French Onion Soup

I have a pretty good story about French Onion Soup.  You know the soup I’m talking about–it’s on every menu on the planet and features softened onions, giant croutons and gooey cheese on top.  EVERYONE knows what French Onion Soup is.

Anyway, so Andrew (who greatly dislikes *most* cheese and insists he’s lactose intolerant) ordered himself the ‘onion soup’ while we dined at a little bistro while in FRANCE a couple years back.  It didn’t hit me until the waitress left that the onion soup on the menu was most likely FRENCH ONION SOUP, since we were, you know, IN FRANCE.

Sure enough, Andrew’s soup arrived covered in cheese and swirled throughout the onions.  Apparently in France, it’s just known as ‘onion soup.’  Good grief.

Which brings me to point of this post: I made French Onion Soup last night.  More accurately, I made Ellie Krieger’s Triple Onion Soup, which is found in her book, Comfort Food Fix.

It turned out quite well and, despite Andrew’s severe case of a summer cold he’s fighting off right now, was enjoyed by both of us.  I omitted the bread topping (I didn’t feel like it and Andrew wouldn’t have appreciated homemade croutons in his sickly state) and, of course, only put cheese on my bowl.  I’ve made French Onion Soup before and not been a huge fan, but this particular recipe worked.  Next time you have an abundance of onions (like we did after we both bought bags of them at the grocery store unbeknownst to the other), give it a try!

dinner theater

I made a recipe from scratch tonight.  Well, mostly from scratch.

Yet again, I was on a quest to empty our freezer…  I happened to have an abundance of frozen cranberries (you gotta stock up when they’re in season!), and a bag of pearl onions, and more ground beef.  I remembered a brisket with cranberries recipe from Everyday Food that I’d found a couple years ago and have made a few times that we love.  How could I turn that into a recipe with ground beef?

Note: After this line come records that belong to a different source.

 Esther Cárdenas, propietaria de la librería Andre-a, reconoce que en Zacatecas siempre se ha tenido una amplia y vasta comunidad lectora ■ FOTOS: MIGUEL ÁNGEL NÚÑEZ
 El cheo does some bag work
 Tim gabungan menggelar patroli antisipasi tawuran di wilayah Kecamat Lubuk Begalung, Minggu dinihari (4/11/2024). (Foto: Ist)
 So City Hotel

You make it into soup!  I had a beef soup bone in Andrew’s mom’s freezer (points for using up even MORE from our frozen stash!), so I boiled that and made some broth.  Then I made meatballs with parsley (also frozen into ice cubes from our garden), sun-dried tomatoes  and herbs.

I tried to make them as small as possible–kinda like italian wedding soup.  I assembled them early in the day and then refrigerated them.

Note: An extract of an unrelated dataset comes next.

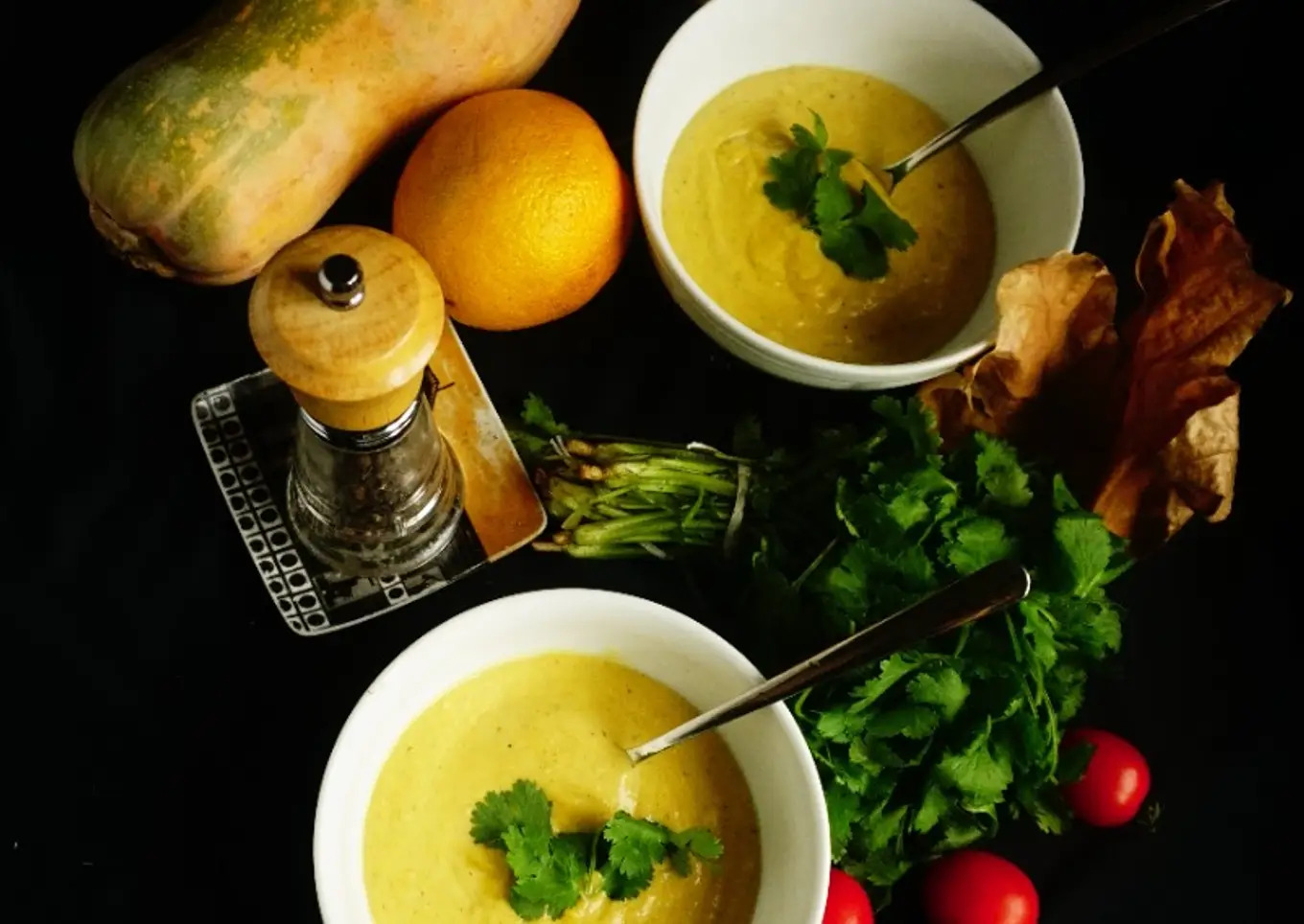 Гарбузовий крем-суп з сиром.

I boiled the cranberries down with a little tomato sauce, tomato paste and garlic.  It smelled awesome!  Can I just say that I am SO READY to have a house?  I need more than two burners, and my knives need to be sharpened and I just miss my kitchen stuff.  Moving on.

I rolled the meatballs in flour and browned them in a skillet, then added them to the soup.  I added the last of our whole-wheat egg noodles (score!) and cooked until they were al dente.

By the time I served up the soup, the cranberries had all but disappeared.

Andrew’s face said it all when he tasted the broth–too tart!  It wasn’t terrible, but it wasn’t the “beefy” soup flavor I was going for.  So much for making something from scratch!  I saved the leftovers but discarded the broth; I’m going to try to find a fancy-schmancy spaghetti sauce at Wegmans tomorrow to use with it for dinner.

We rushed out the door to catch one of the last performances of “As You Like It” at Shakespeare in the Park.  Each summer (for the last 36 years!), the troupe has been performing most nights (all but Mondays) in Delaware Park and it’s free.  You can bring lawn chairs or blankets, food and drink.  In retrospect, we should have packed a picnic dinner or picked something up on the way, as most people did.  Lots of people were drinking wine.  So fun.

Next year we’ll have to be more prepared with chairs (we brought a blanket from the room), sweatshirts and dinner.  I so wanted to snack, but was full-ish from dinner.

We ended up leaving at intermission because we were cold and Andrew was a bit bored.  I had gotten into it, but it was pretty hard to follow since it’s Shakespeare, we didn’t have a great view, we arrived late and neither of us knew the plot.  Next time we’ll brush-up on the particular play before going.

We didn’t want to end our night just yet, and I was craving some hot tea, so we went to Cafe Aroma in the Elmwood section of town.  Very alternative, very trendy, very “happening.”  I caved and split a cupcake with Andrew, but stuck to tea to drink.  I did try sips of his white mocha–YUM.

I’m looking forward to my laid-back (but hopefully productive!) Saturday!